瞬間的に、小悪魔的な笑みを浮かべて来やがる。
「う・そ」
はにゃーん、と風船の空気が抜けるみたく体の力が抜けた。
「ドキッとした?」
「そりゃんなこと言われたらドキドキするだろうが」
「浮気はダメだぞー」
「ハニートラップの加害者が注意してくることじゃねぇ」
ケタケタと楽しそうに笑ってやがりますよ、この子。
「そうだよ。あんな美人な先輩の彼女がいるのに浮気なんかしたら絶対にだめだよ」
「あのー、美月ちゃん。そう言いながら机を引っ付けて俺の腕にしがみ付くのはハニートラップ以外のなにものでもありませんが」
「これは幼馴染特権なのです。邪な気持ちを持ってはいけません」
こんなでかいおっぱいが腕に当たってるのに邪なこと考えるなって、なんの修行だよ。
「美月だけハニトラ仕掛けてずるいー。わたしもハニトラ仕掛けて四ツ木を陥れたい」
「おいそこの美女。そういう発言は裏でしろ」
「これは幼馴染特権です」
「ウチの幼馴染がAIみたいになっちまった」
わいわいとしていると、「あ、なんか楽しいことになってる」と聖羅がやってくる。
「みんなー。なにしてんのー?」
「聖羅もおいで。こうやって四ツ木にハニトラ仕掛けて陥れてるんだ」
「うぉー。楽しそー」
「ふっ。元アイドルの聖羅じゃハニートラップにもならんがな」
「なにをおおお!? ぼくは元じゃなくて活動休止中なだけじゃい!」
「これは幼馴染特権であり、ハニートラップではありません」
わいわいがやがやとしていると、爽やか系イケメンの陽介とヤンキー風の良い子ちゃんな豪気がやってくる。

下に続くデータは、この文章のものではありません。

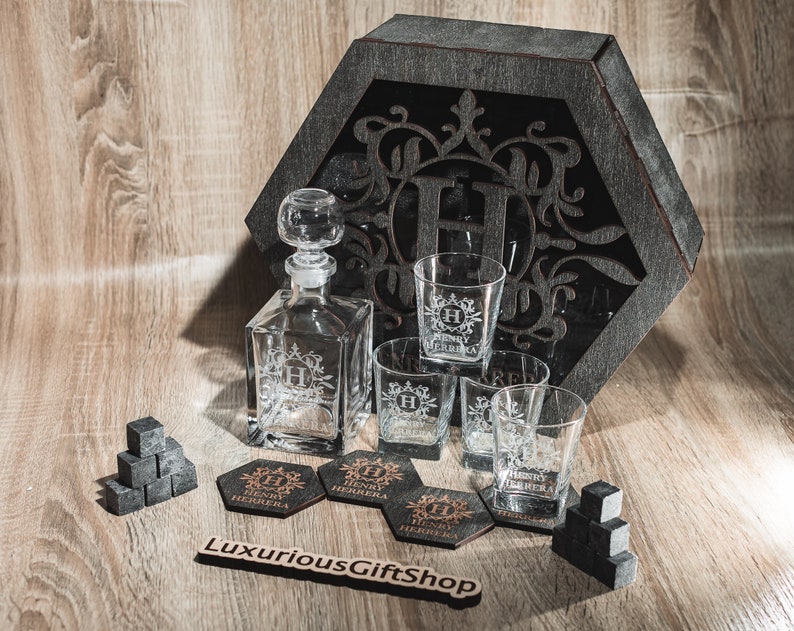 Whisky personnalisé, ensemble de carafe à whisky, cadeau de Noël, verres à whisky, pierres à whisky, ensemble de carafe à bourbon, cadeaux de whisky, carafes image 8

「おいおい世津。加古川先輩と付き合ってるってのに、未だに美少女達をはべらかして楽しそうだな」
「ほんとな。こんなの加古川先輩が見たら激おこぷんぷん丸だぜ」
「豪気。それ、古すぎ」
「なっ!? まじで!?」
「まじ」
ガーンと膝を付いてショックを受けている豪気は放置で良いよね。
「しっかし、まさか加古川先輩を選ぶとはな」
予想外な声を出す陽介に夏枝が質問を投げる。
「友沢的予想は?」
「オレは夏枝とそのまま付き合うと思ってたがな。偽物が本物になるって思ってた」
そう言うと夏枝は少しばかり複雑な顔をしてのけた後に、大きく笑ってみせた。
「あの夏は所詮偽物。本物にはならなかったのだよ。見る目ないね、友沢」
「ま、オレの予想なんて大したことないけどな。豪気は世津が誰と付き合うと思ってた?」
ショックで膝を付き、聖羅にツンツンされていた豪気が立ち上がる。
「おれは秋葉一択だったな。こいつらめちゃくちゃ仲良いし」
「あ、わかる。わたしも美月だと思ってた」
「確かに。世津と秋葉の距離感は彼氏彼女の距離感だったな」
「これは幼馴染特権です」
「いや、物理的な距離感ではなくてだな」
そこから始まる、俺が誰と付き合うか論争。
いや、キミ達。結果は出てるんだから今更予想してなにになるってんだと思っていると聖羅が、「おーい!」と注目を集める。
「さっきからこの超アイドル冬根聖羅様の名が上がってないぞ」
「「「「聖羅はない」」」」
「なんでだよ!」
安定のいじられに、いつも通りだと思いながら聖羅が俺に直談判してくる。
「ありでしょ!? ぼくありでしょ!?」
「まぁ全然ありだな」
「ほらー!」
どやーっと胸を張る聖羅を無視して全員が俺をジト目で見てくる。
「やっぱり四ツ木はロリコンだったんだね」
「あたしの幼馴染がロリコンだった件」
「ロリコンか。先輩に報告だな」
「世津。真性のロリコンは早く治した方が良い」
「ちょっと待て! なんで俺がロリコンってことになってんだよ!」
「ぼくはロリじゃないよ!」
わーわーと騒がしい休み時間。
散々未来とのことをいじられながらも、楽しい時間は過ぎていく。